*** Given data ***

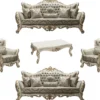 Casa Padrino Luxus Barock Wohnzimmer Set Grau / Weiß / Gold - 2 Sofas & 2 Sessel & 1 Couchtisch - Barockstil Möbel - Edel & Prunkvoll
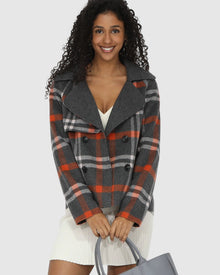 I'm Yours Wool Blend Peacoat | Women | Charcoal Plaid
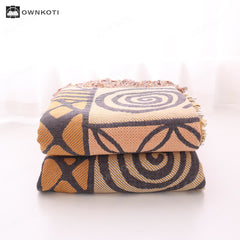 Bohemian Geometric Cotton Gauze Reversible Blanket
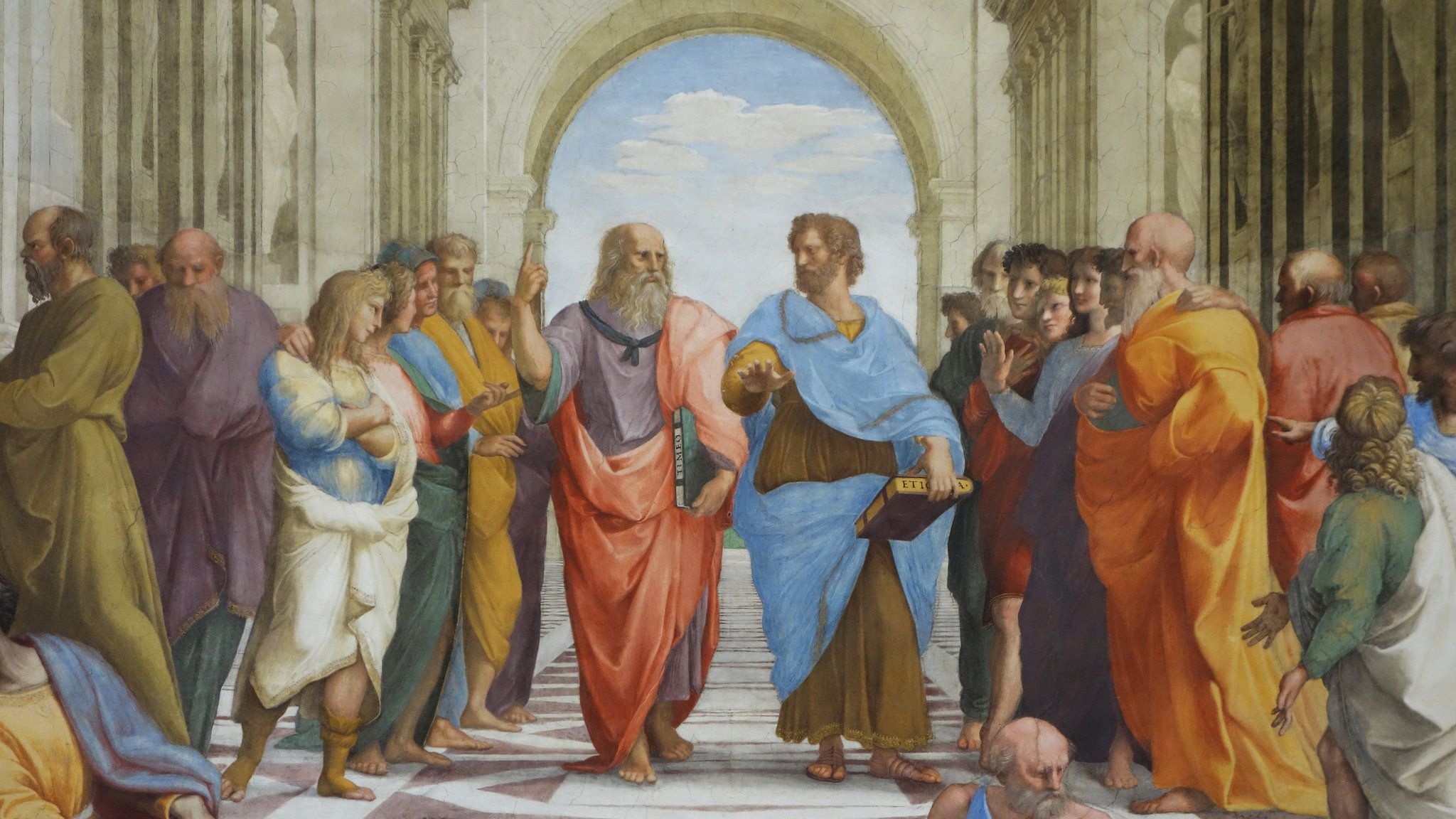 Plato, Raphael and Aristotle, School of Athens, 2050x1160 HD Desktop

***

Restate the data above word for word. Do not include the images.

 Casa Padrino Luxus Barock Wohnzimmer Set Grau / Weiß / Gold - 2 Sofas & 2 Sessel & 1 Couchtisch - Barockstil Möbel - Edel & Prunkvoll
 I'm Yours Wool Blend Peacoat | Women | Charcoal Plaid
 Bohemian Geometric Cotton Gauze Reversible Blanket
 Plato, Raphael and Aristotle, School of Athens, 2050x1160 HD Desktop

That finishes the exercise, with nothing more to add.